WHAT IS NEEDED » Starting with the line where "Corte Cavour. Una" appears, print every line through the end of the entries below exactly as it stands, and leave out the pictures.

BEGIN SUPPLIED DATA

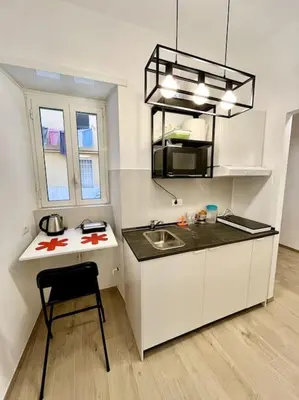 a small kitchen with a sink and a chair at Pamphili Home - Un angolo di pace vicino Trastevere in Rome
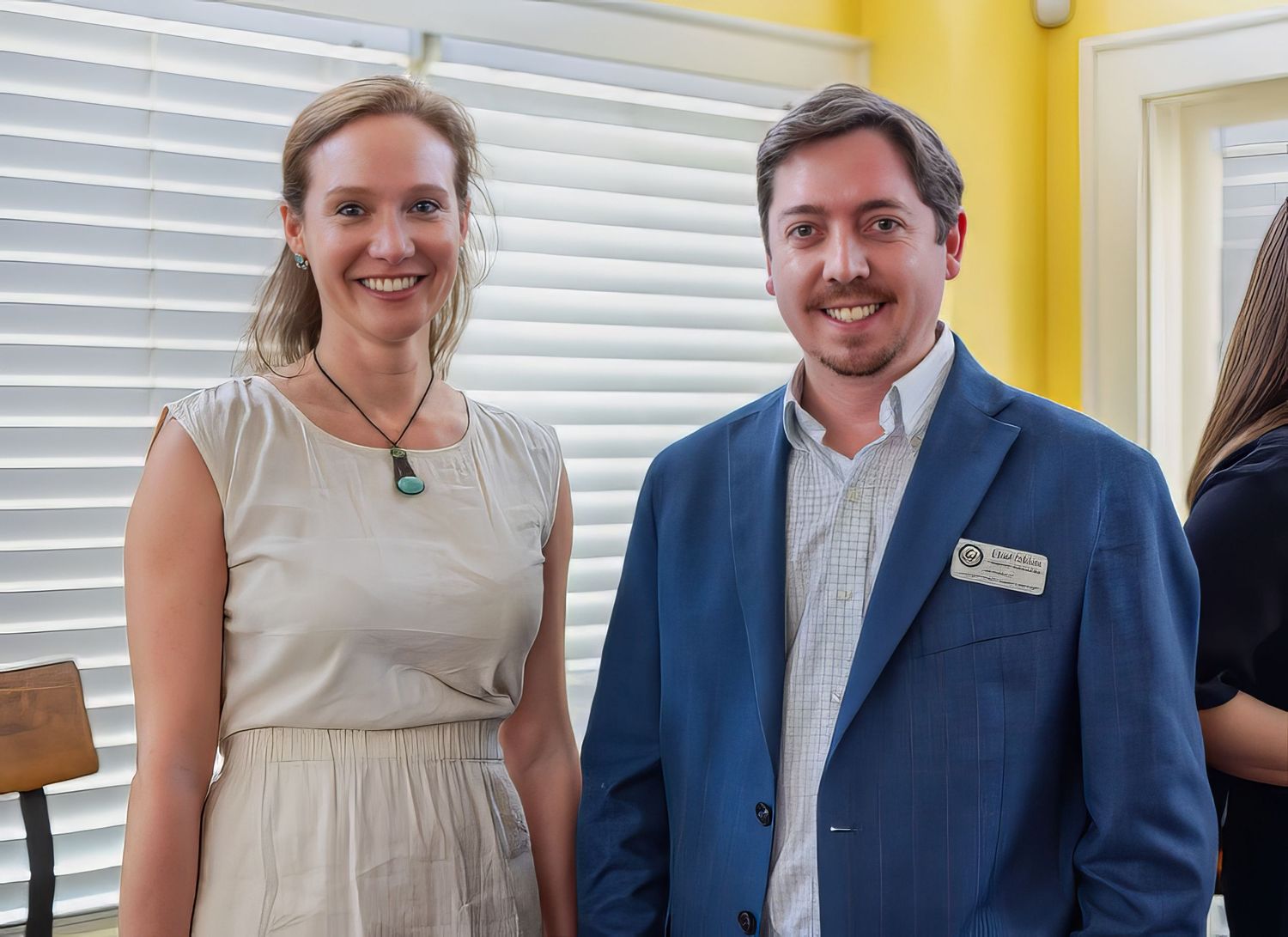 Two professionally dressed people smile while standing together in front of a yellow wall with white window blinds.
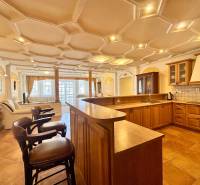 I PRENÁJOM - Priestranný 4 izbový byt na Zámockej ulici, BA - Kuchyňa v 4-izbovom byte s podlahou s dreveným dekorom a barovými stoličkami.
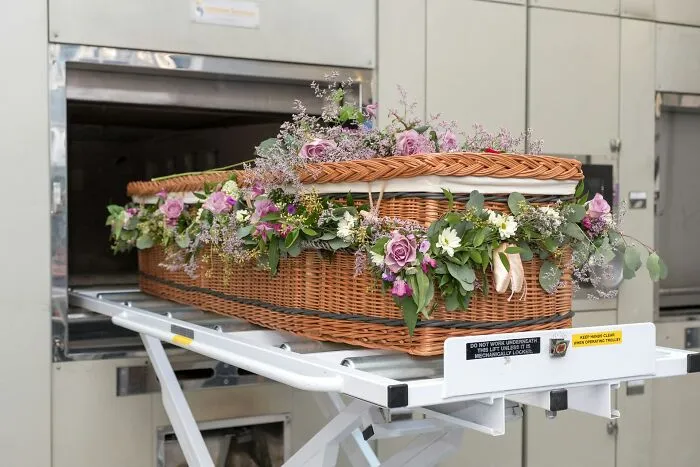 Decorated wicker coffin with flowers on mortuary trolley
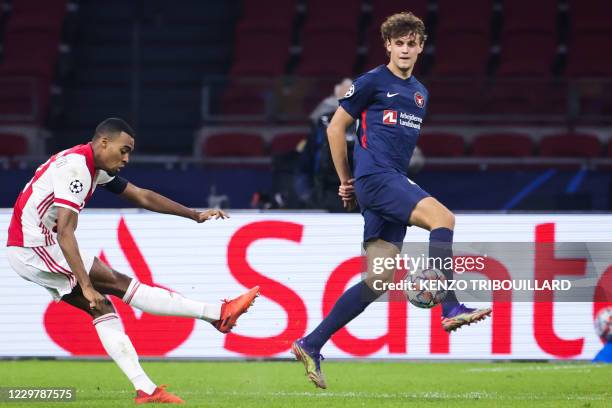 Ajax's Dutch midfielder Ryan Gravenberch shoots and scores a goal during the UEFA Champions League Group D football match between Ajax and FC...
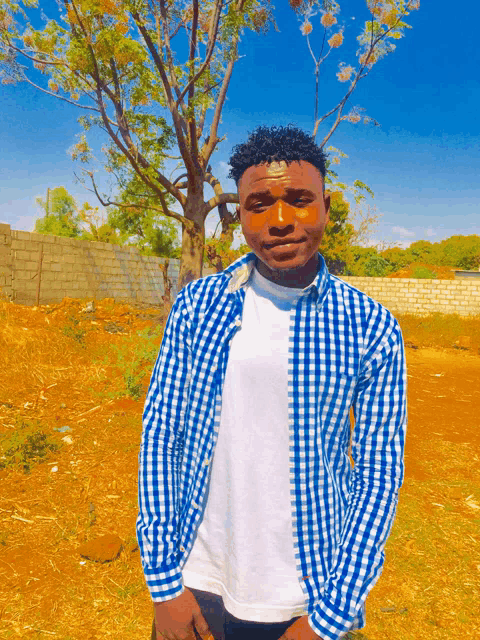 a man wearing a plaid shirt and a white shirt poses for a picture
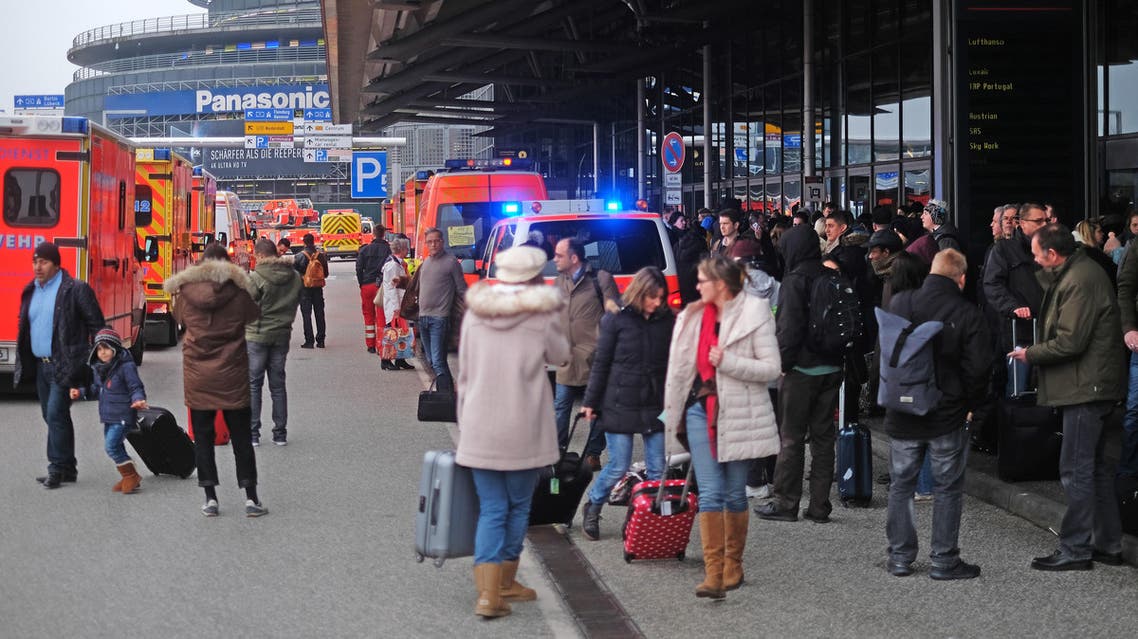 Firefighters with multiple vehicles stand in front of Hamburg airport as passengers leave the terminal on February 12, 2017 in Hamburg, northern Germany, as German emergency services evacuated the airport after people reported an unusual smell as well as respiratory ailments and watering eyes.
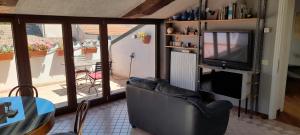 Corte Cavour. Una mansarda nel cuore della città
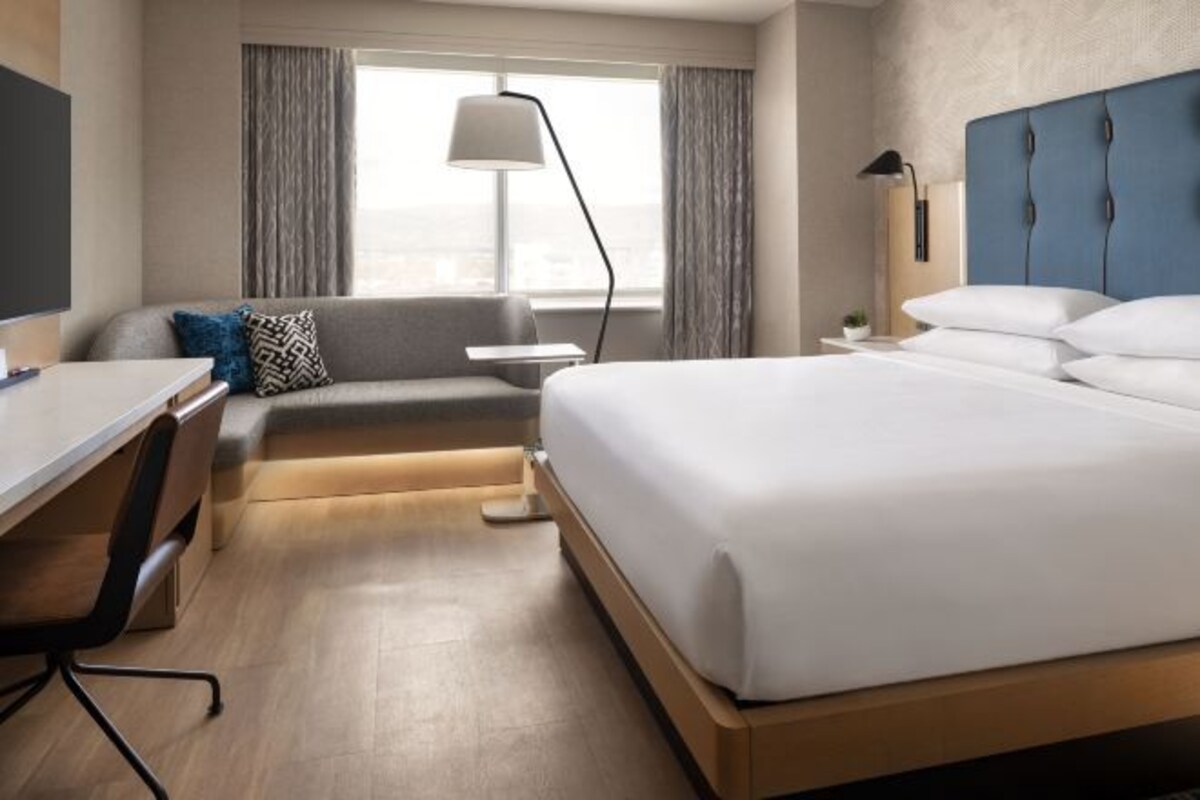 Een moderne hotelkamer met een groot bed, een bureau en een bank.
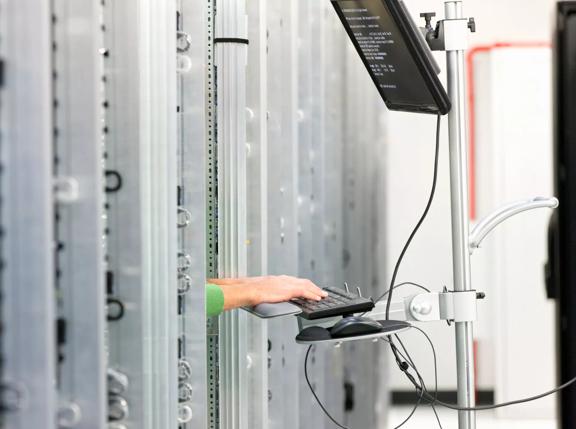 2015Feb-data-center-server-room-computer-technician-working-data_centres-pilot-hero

END SUPPLIED DATA

ANSWER TO THIS TASK »
 Corte Cavour. Una mansarda nel cuore della città
 Een moderne hotelkamer met een groot bed, een bureau en een bank.
 2015Feb-data-center-server-room-computer-technician-working-data_centres-pilot-hero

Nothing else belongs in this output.